Revitalisasi industri gula dibiarkan terbengkalai. Aturan dibuat tumpang tindih
dan dipersulit sendiri oleh pemerintah sehingga revitalisasi macet.
Untuk meningkatkan produksi daging
sapi perlu pengembangan peternakan skala luas di Nusa Tenggara Timur (NTT) dan
Nusa Tenggara Barat. Itu juga tidak dilakukan sungguh-sungguh. Akibatnya, impor
daging sapi terus naik, populasi sapi potong diprediksi merosot tajam.
Pemerintah tidak pernah secara sungguh-sungguh menjadikan usaha ternak sapi
sebagai sumber pendapatan masyarakat, tetapi sekadar tabungan.
Di NTT tersedia 1 juta hektar lahan
pertanian yang bisa dimanfaatkan untuk budidaya jagung hibrida. Masyarakat NTT
ingin menanam jagung hibrida, tetapi pemerintah tidak mau mengembangkannya.

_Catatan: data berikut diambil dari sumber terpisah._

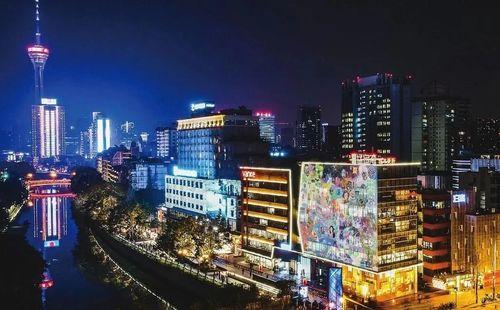 成都新的网红打卡地,探寻城市新风尚的潮流地标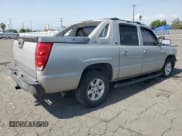 ✅ 2005 Chevrolet Avalanche LS • VIN: 3GNEC12Z95G273950 • Lot: 58542605. Listed on Copart with 120,975 mi. Free auction sales archive from the USA and detailed vehicle history report at DreamBid. Image 3.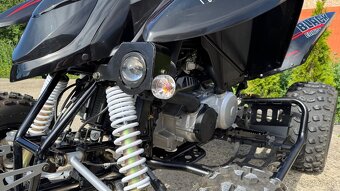 Access Tomahawk 400 Black Edition nájazd 540 km - 7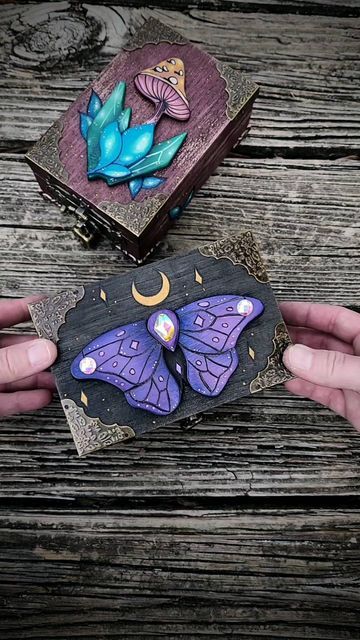 Fantasy Box Design, Key Box Ideas, Trinket Boxes Diy, Diy Jewelry Box Ideas, Makeup Box Diy, Painted Box Ideas, Hand Painted Wooden Box Ideas, Mystic Box, Wooden Box Crafts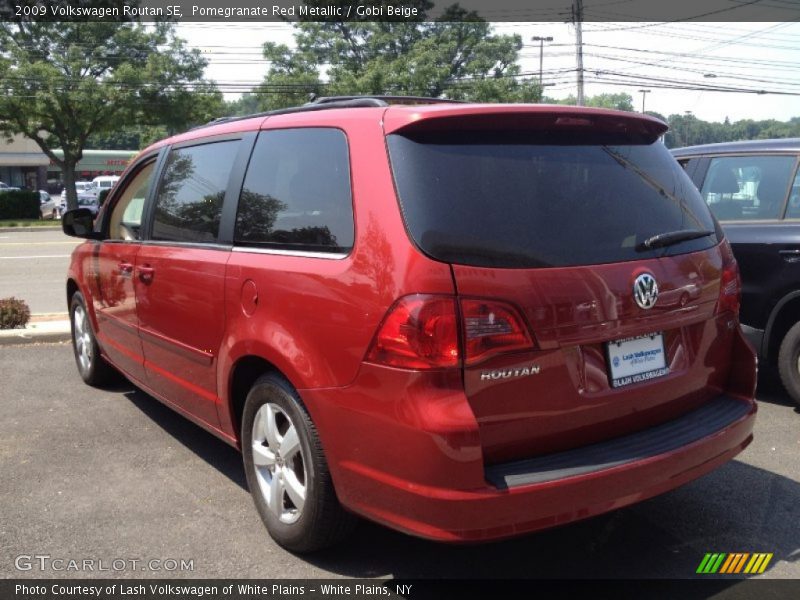 Pomegranate Red Metallic / Gobi Beige 2009 Volkswagen Routan SE
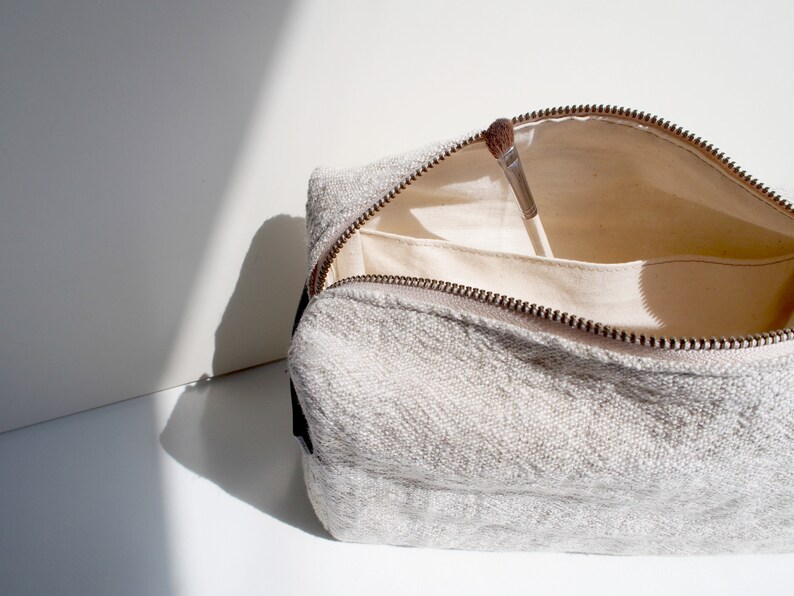 Linen Wash Bag L Linen Toiletry Bag Linen Makeup Bag Etsy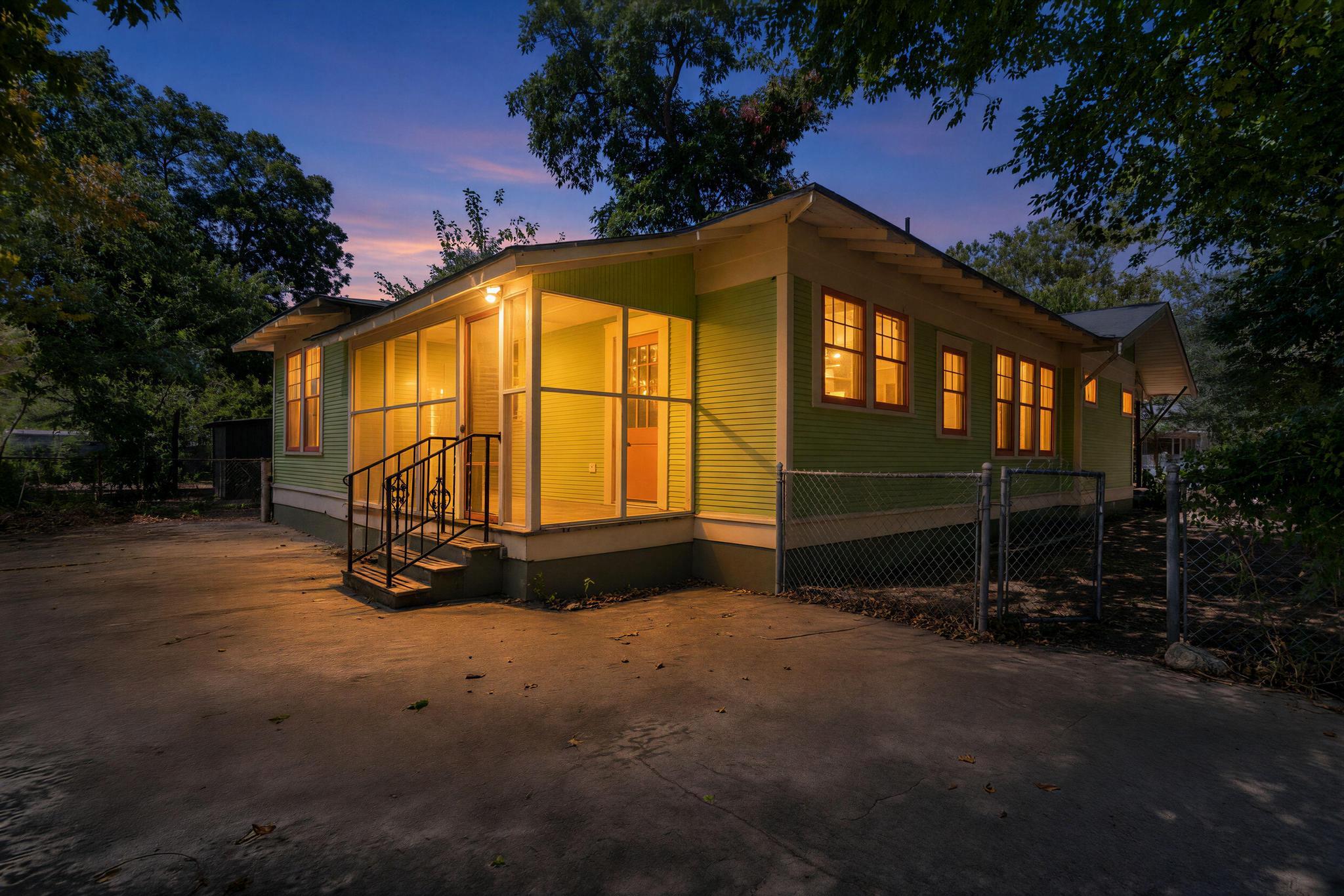 39 Chalmers Ave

Padahal dengan menanam jagung hibrida seluas 1 juta hektar, ada tambahan
produksi jagung 8 juta ton per tahun. Industri pakan tidak perlu impor,
pendapatan masyarakat NTT bisa melonjak. Namun, pemerintah tidak tertarik.
Peningkatan produksi kedelai juga
terkendala lahan. Akan tetapi, pemerintah lagi-lagi tidak mau merealisasikan.
Potensi peningkatan produksi pangan ada, berbagai peluang tersedia, tetapi
pemerintah tidak pernah serius melakukannya.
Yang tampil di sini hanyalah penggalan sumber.